Hence Soleimani’s just elimination should be understood to mean a new, more determined American policy line. This can, in the event of a functional Iranian stand-down, even lead (something Trump has reiterated) to renewed negotiations on a realistic regional settlement. Or, given an Iranian miscalculation of American resolve, it can lead to a major, sustained, and potentially decisive American response (already, 14,000 forces have been introduced into the region, and another 3,000 are on the way). But although American servicemen and servicewomen in and contiguous to the Middle East total some 85,000, what is not at stake here is another ground war or G.H.W. Bush-style Kuwait invasion.
Trump has no illusions about either “state-building” or waging a land war in Iran. Any military riposte to Iranian action will use decisively powerful American air and sea superiority and immensely destructive high-tech weaponry. If the nuclear facilities were not the immediate target, Iran’s highly vulnerable and concentrated refinery center might be, destruction of which would further cripple its fragile economy. But taking down Teheran’s nuclear plant, thus destroying its greatest potential threat, that of becoming a nuclear-armed power has no doubt been under review for some time.
Of course, there can be no absolute certainties in human affairs; chance often plays a key, and unforeseen, role, and Teheran (which has generally been a cautious regime politically) or one of its less rational terrorist protégés, may yet miscalculate (as General Soleimani evidently did), plunging the region into some kind of mixed terrorist-“normal” military war. Yet Trump here is not simply ”rolling the dice”—given American strengths and Iranian weaknesses, and despite Democratic doubts and caviling, the calculated risk is limited, the probability of Iranian ultimate forbearance is probably high, and even the cost of dealing with an Iranian attack sustainable.

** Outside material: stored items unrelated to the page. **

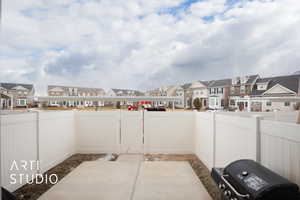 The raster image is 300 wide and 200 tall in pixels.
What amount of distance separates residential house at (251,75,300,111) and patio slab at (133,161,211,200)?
673 cm

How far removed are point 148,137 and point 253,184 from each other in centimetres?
378

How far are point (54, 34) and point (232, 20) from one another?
414 centimetres

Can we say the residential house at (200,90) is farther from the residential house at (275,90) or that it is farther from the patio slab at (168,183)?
the patio slab at (168,183)

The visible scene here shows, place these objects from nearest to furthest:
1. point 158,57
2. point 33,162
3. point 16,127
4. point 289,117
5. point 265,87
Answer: point 16,127, point 33,162, point 289,117, point 158,57, point 265,87

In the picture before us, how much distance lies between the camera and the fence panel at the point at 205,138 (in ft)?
11.4

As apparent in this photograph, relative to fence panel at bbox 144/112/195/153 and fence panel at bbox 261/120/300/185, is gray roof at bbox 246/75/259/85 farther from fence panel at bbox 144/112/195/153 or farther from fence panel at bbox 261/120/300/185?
fence panel at bbox 261/120/300/185

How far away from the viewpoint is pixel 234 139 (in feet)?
8.37

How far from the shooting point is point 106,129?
4922 mm

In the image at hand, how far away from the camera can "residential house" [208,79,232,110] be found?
19531mm

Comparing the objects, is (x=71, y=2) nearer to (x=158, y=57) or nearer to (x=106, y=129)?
(x=106, y=129)

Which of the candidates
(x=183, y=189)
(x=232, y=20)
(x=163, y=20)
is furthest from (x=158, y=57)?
(x=183, y=189)

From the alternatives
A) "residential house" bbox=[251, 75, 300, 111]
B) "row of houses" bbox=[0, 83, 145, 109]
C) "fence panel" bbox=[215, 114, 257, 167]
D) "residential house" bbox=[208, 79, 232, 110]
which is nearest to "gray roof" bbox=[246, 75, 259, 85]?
"residential house" bbox=[251, 75, 300, 111]

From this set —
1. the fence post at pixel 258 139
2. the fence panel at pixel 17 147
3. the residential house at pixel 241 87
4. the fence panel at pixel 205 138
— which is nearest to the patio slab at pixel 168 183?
the fence panel at pixel 205 138

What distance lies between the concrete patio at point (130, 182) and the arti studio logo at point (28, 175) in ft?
1.16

(Nevertheless, the regional actors involved or potentially affected, including Israel, repeatedly threatened with genocide by the Iranian mullahs, would do well to keep their powder dry.)
Importantly, Trump’s determination may also reflect (surely part of the Khamenei regime’s current thinking as well) the possibility of a crisis-induced military confrontation provoking serious domestic unrest, and even insurrection. This resolution, devoutly to be wished, may well undergird the new American policy.

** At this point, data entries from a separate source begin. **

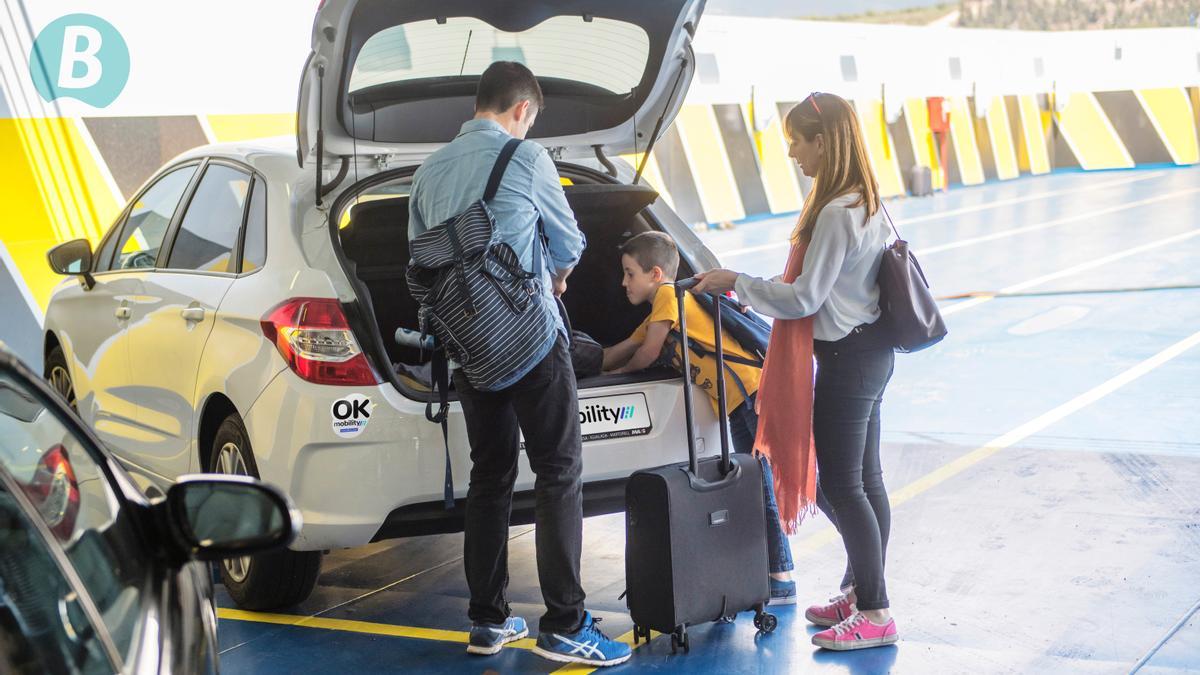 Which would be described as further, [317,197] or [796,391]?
[317,197]

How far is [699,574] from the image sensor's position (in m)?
3.76

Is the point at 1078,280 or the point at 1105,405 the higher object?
the point at 1105,405

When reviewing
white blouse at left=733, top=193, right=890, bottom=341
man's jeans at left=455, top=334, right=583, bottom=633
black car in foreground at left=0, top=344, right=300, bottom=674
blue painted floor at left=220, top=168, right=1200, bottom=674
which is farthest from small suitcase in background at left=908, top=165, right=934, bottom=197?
black car in foreground at left=0, top=344, right=300, bottom=674

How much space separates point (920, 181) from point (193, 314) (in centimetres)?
1938

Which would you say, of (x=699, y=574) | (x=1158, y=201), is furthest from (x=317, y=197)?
(x=1158, y=201)

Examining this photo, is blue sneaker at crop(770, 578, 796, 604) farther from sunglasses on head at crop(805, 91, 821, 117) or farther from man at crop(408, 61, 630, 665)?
sunglasses on head at crop(805, 91, 821, 117)

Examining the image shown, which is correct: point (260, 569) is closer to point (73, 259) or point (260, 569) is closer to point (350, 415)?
point (350, 415)

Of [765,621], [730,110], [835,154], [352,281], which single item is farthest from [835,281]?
[730,110]

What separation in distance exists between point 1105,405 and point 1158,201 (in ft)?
45.7

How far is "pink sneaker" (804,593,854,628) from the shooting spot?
398 cm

Clearly the stakes involved here are high. Iran has since 1979 been the major source of ideologically aggressive instability and destruction in the region. From the eight-year Iran–Iraq war (1980-88) and its million casualties, its role in Lebanon, the ongoing Syrian civil war, and now Yemen, Iran has been connected to and responsible for literally millions of deaths, a World War II-worthy scale of destruction.

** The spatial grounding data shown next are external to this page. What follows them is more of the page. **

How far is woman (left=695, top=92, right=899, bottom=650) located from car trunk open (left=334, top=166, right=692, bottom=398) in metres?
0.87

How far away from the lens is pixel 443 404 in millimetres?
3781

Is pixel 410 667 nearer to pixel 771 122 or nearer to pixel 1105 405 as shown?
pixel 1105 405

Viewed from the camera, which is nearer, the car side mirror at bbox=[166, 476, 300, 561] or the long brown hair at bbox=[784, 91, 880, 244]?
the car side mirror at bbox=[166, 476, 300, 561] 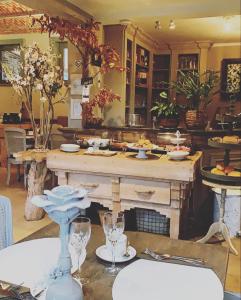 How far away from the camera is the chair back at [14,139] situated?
5.00 metres

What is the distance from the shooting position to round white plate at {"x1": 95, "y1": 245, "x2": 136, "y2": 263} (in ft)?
4.39

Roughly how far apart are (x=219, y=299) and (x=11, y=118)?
461 cm

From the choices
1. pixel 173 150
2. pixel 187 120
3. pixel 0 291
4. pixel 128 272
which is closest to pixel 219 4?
pixel 187 120

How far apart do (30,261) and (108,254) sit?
30cm

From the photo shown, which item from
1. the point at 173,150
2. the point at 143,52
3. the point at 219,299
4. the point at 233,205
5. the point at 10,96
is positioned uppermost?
the point at 143,52

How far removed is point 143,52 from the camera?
21.4 feet

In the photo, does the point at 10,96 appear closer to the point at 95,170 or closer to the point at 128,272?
the point at 95,170

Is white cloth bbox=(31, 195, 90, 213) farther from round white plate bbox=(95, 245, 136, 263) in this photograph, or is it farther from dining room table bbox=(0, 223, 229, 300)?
round white plate bbox=(95, 245, 136, 263)

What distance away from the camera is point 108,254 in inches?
54.1

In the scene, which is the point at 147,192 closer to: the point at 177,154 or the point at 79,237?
the point at 177,154

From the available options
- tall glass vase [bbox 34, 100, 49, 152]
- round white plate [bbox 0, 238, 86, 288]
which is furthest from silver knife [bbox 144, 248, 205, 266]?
tall glass vase [bbox 34, 100, 49, 152]

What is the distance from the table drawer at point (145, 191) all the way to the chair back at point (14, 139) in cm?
272

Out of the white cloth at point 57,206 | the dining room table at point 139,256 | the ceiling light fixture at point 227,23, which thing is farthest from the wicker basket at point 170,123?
the white cloth at point 57,206

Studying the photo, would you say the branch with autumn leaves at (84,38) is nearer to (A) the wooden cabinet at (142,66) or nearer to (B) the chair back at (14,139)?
(A) the wooden cabinet at (142,66) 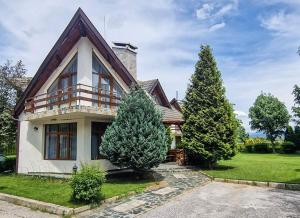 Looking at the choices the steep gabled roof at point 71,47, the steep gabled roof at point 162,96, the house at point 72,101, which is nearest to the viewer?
the house at point 72,101

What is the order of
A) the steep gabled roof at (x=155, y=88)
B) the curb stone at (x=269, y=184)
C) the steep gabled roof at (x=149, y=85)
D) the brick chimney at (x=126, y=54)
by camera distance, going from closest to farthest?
the curb stone at (x=269, y=184) < the brick chimney at (x=126, y=54) < the steep gabled roof at (x=149, y=85) < the steep gabled roof at (x=155, y=88)

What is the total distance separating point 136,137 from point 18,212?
6.26 m

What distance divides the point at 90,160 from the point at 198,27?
9661 mm

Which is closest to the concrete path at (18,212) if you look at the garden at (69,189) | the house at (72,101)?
the garden at (69,189)

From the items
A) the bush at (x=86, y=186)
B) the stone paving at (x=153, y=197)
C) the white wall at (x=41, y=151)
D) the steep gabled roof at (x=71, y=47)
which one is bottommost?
the stone paving at (x=153, y=197)

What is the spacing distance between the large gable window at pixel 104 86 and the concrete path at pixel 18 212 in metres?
7.18

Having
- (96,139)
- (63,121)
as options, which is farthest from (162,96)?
(63,121)

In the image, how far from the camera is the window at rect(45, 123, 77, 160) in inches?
673

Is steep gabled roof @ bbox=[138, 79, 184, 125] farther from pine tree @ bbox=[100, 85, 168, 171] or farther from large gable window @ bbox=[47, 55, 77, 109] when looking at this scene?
pine tree @ bbox=[100, 85, 168, 171]

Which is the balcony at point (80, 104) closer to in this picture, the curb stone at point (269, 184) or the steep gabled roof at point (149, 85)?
the steep gabled roof at point (149, 85)

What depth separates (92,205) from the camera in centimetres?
1054

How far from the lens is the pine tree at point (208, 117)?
63.2ft

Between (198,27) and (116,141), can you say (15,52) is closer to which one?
(116,141)

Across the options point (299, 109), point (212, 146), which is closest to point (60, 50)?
point (212, 146)
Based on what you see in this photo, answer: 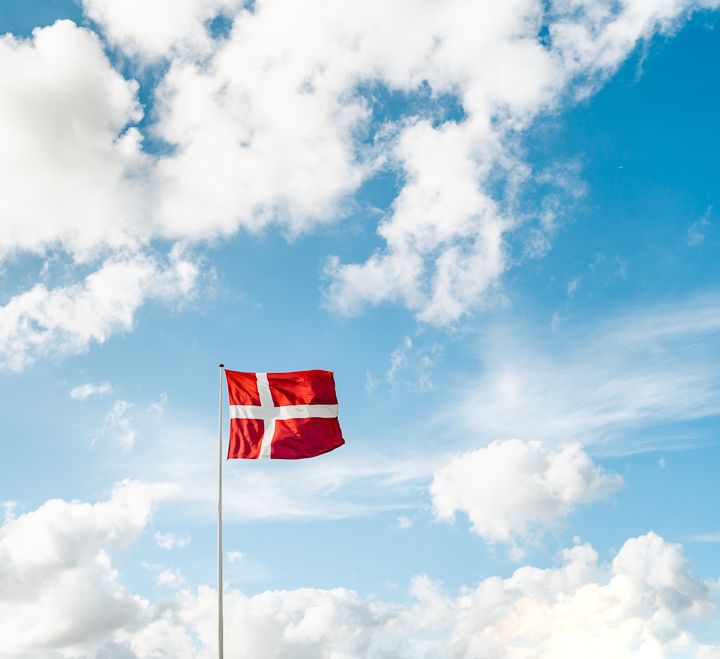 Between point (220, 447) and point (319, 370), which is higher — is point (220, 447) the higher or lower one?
the lower one

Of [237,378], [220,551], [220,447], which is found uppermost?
[237,378]

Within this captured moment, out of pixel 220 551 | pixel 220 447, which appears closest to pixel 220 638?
pixel 220 551

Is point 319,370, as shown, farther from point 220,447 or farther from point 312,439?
point 220,447

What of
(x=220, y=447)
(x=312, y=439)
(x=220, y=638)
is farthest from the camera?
(x=312, y=439)

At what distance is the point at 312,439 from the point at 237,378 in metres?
4.90

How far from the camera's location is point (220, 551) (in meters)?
36.4

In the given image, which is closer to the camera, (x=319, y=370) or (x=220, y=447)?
(x=220, y=447)

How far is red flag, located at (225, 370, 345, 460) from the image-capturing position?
133 ft

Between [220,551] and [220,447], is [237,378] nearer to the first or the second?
[220,447]

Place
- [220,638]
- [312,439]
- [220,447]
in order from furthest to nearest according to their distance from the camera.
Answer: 1. [312,439]
2. [220,447]
3. [220,638]

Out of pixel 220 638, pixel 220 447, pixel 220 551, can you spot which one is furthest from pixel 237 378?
pixel 220 638

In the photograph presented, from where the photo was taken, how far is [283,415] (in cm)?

Substantial contraction of Teheran’s regional power and influence, let alone the collapse of the ayatollahs’ bloody regime, would go far to stabilize Middle East politics and society. It could also create the permissive conditions for the success of Trump’s vaunted, and, as yet, unimplemented, peace process, which may well be one hoped-for consequence of the current confrontation. (Here, Democratic “yes-but”ers had best tread carefully, lest the President’s morally and legally justified elimination of the twenty-first century’s greatest war criminal prove politically popular, and their opposition to it become, along with the politicized “impeachment” campaign, yet another nail in their 2020 election coffin.)
(Prof. Frederick Krantz, a historian, is Director of the Canadian
Institute for Jewish Research and Editor of the Daily Isranet Briefing).